• WHAT NEEDS TO BE DONE: Please give back each line below unchanged; none of the pictures should appear.

• DATASET EXTRACT:
________________________

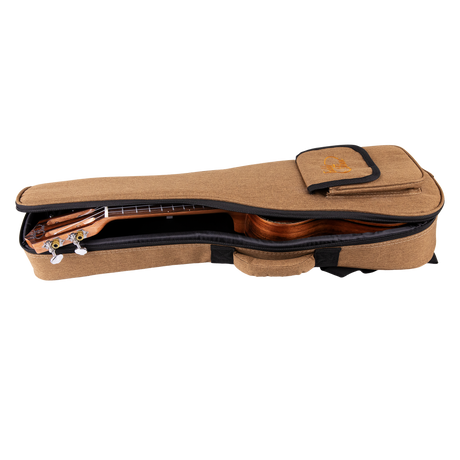 A ukulele inside a tan gig bag with Eddy Finn branding on a white background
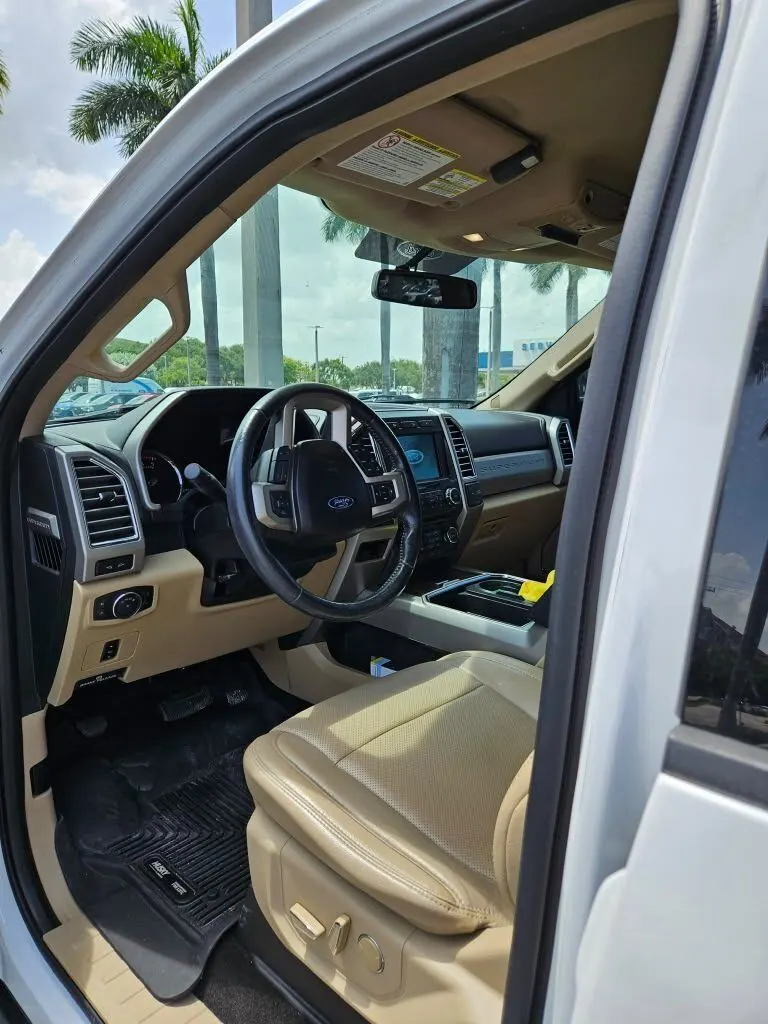 Clean tan leather truck interior after a detail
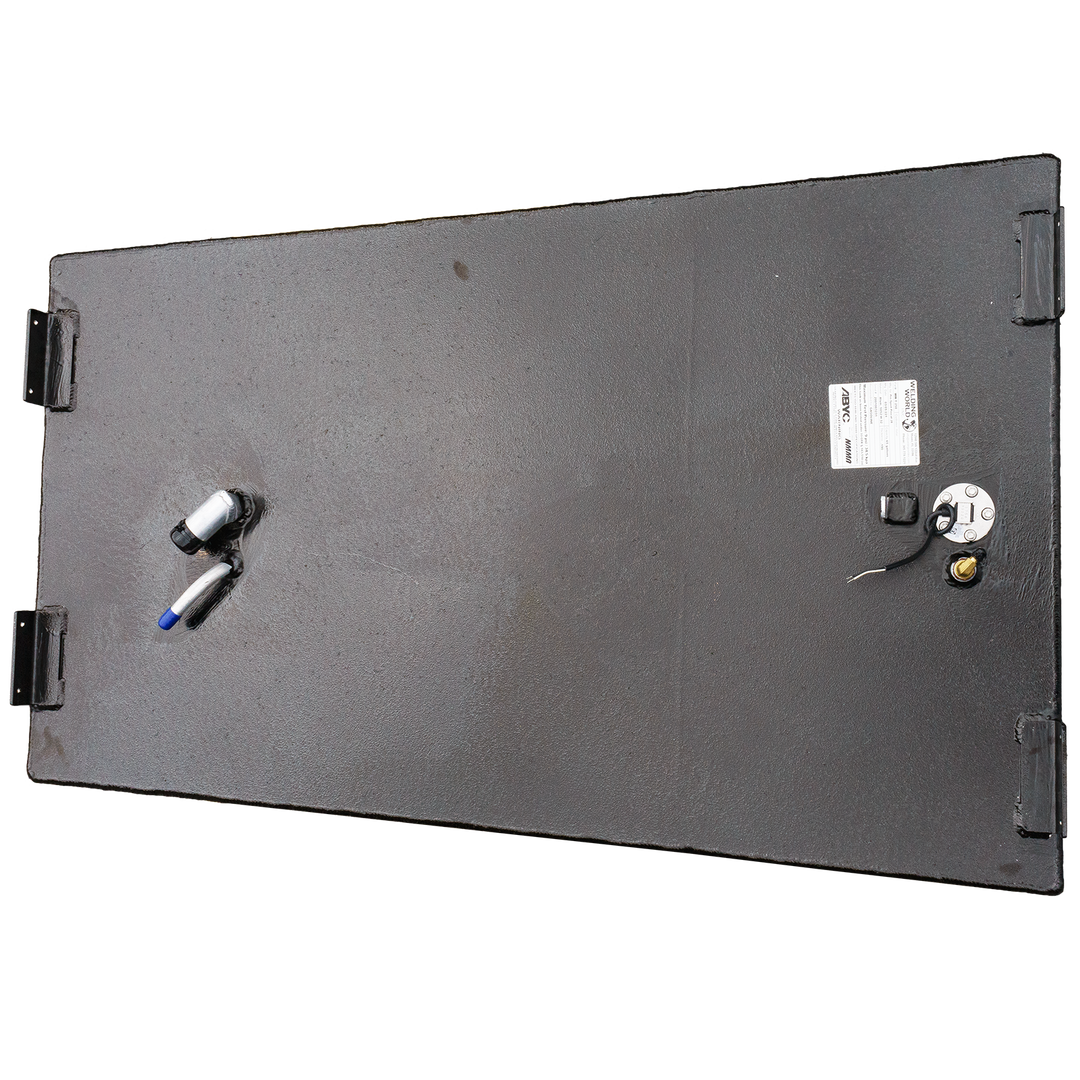 An overhead view of a black, rectangular marine fuel tank with a textured finish. Four black mounting brackets are visible at the corners of the top surface. Towards the right, a white product label is affixed next to a circular fuel sender unit with attached wires and a brass fitting. On the left side, two silver-colored hose fittings, one with a blue cap, protrude from the tank's surface. The tank is displayed against a black and grey checkered background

________________________

• ANSWER BOX:
 A ukulele inside a tan gig bag with Eddy Finn branding on a white background
 Clean tan leather truck interior after a detail
 An overhead view of a black, rectangular marine fuel tank with a textured finish. Four black mounting brackets are visible at the corners of the top surface. Towards the right, a white product label is affixed next to a circular fuel sender unit with attached wires and a brass fitting. On the left side, two silver-colored hose fittings, one with a blue cap, protrude from the tank's surface. The tank is displayed against a black and grey checkered background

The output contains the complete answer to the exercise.